Bir fotoğraftan nerelere geliniyor değil mi? 
Bu arada Tito'nun Stalin'e meydan okumalarına bayılan kaç kişiyiz?
Bu postu trajik cümlelerle bitiremem. Stalin'le Tito'nun arası II numaralı büyük savaşın ardından hızla bozuluyor. Tarihte bu olayın adı bile var: Tito - Stalin Split.  Stalin biraz (çok) paranoyak olduğu için Tito'nun her vesile ile kendisine bağımlı olduğunu ima ediyor. Mareşal Tito, bütün bunlara kendi sert mizacı ile cevaplar veriyor. Stalin'in uluslararası bir toplantıda "Sen kimsin ki tek başına hareket ediyorsun? Sovyetler olmadan (aslında ben olmadan) ayakta kalamazsın." diye çıkışıyor. Yugoslav lider, bu "koşulsuz sadakat" fikrine kesinlikle karşıdır ve cevabı da buna göre olur: 
 "Yoldaş Stalin, halkımın en büyük değeri bağımsızlıktır. Sovyetler'in desteğine minnettarız , lakin bu destek bizim özgürlüğümüzden daha önemli değildir. "

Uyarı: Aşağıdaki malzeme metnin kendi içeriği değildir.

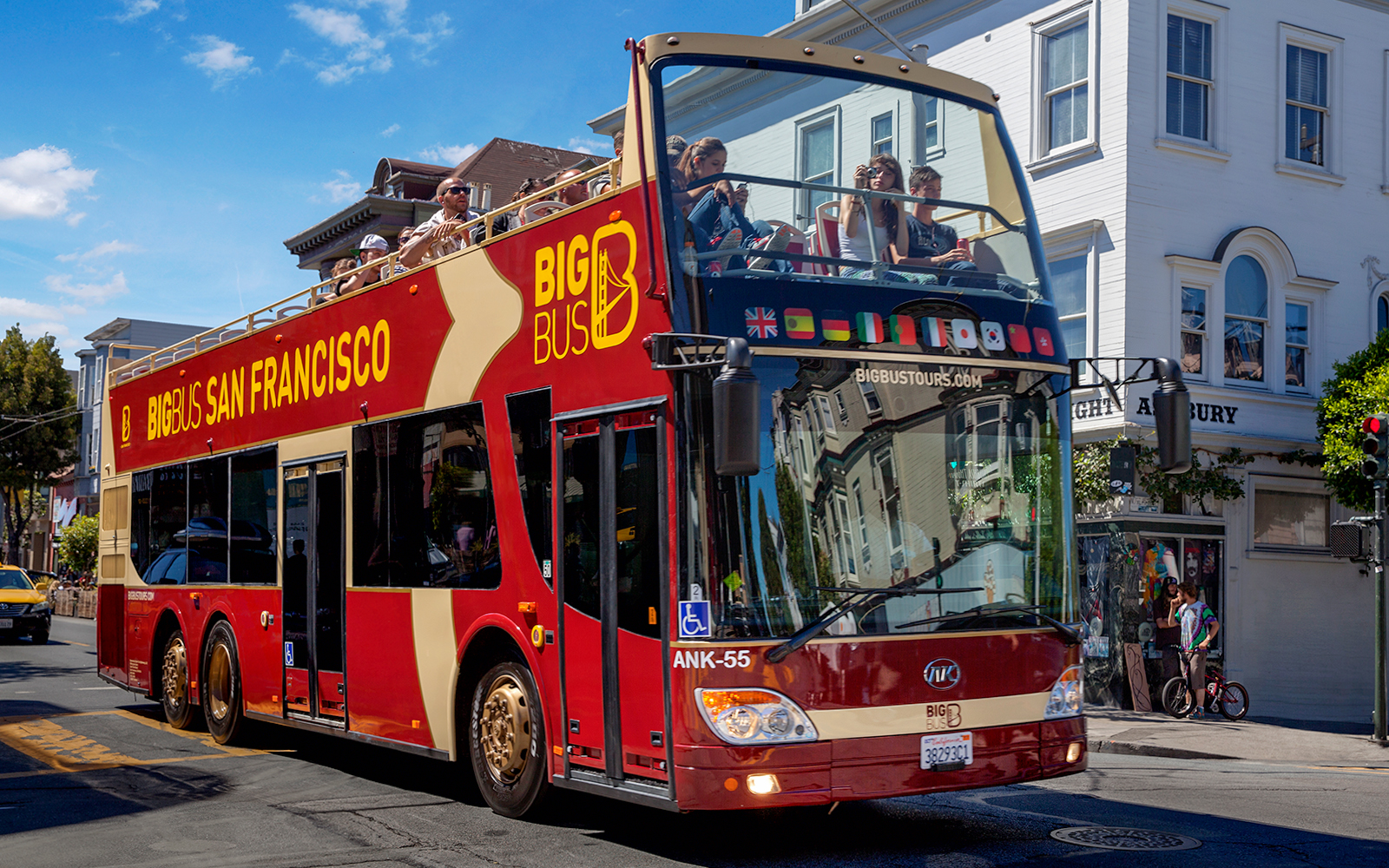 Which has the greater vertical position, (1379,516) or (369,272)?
(369,272)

Sonrası malum bu kapışmanın ardından Tito askeri ve stratejik alanda güçlenmek için elinden geleni yapar. 1953'te Stalin, herkesi tehdit olarak görüp kendine güvenecek bir doktor bile bırakmamışken, Tito'nun çevresinde onu Stalin'in suikast girişimlerinden korumaya çalışan bir ekip vardır. Ve kader devreye girer, 1 Mart'ta Stalin ani bir felç geçirir. Herkesi o denli tedirgin etmişti ki tıbbi müdahale etmeye cesaret gösteren olmaz. Birkaç saat sonra (12 saat ile 24 saat arası) korkarak da olsa tedaviye başlanır, fakat geç kalınmıştır. Stalin 5 Mart'ta hayata veda eder.
Tito' ya gelince önünde 40 yıl daha vardır. Üstelik kendisini zehirlemeye veya vurmaya çalışan Stalin kaderin cilvesiyle yoldan çekilmiştir.

Veda Busesi
 Heyhat, Amerikalı yazar Allen Saunders'in dediği gibi  "Hayat biz plan yaparken başımıza gelenlerdir. Tito bile bunu hesap edemezken ilahi bir güç en büyük derdinizi başınızdan alıverir. Ve dünya dönmeye devam eder. 2025'in ilk yazısını, bu yıl başımıza gelecekler planlarımızın, hayallerimizin ötesinde güzellikler olsun. Herkese kendi kalbi kadar güzel bir yıl diliyorum.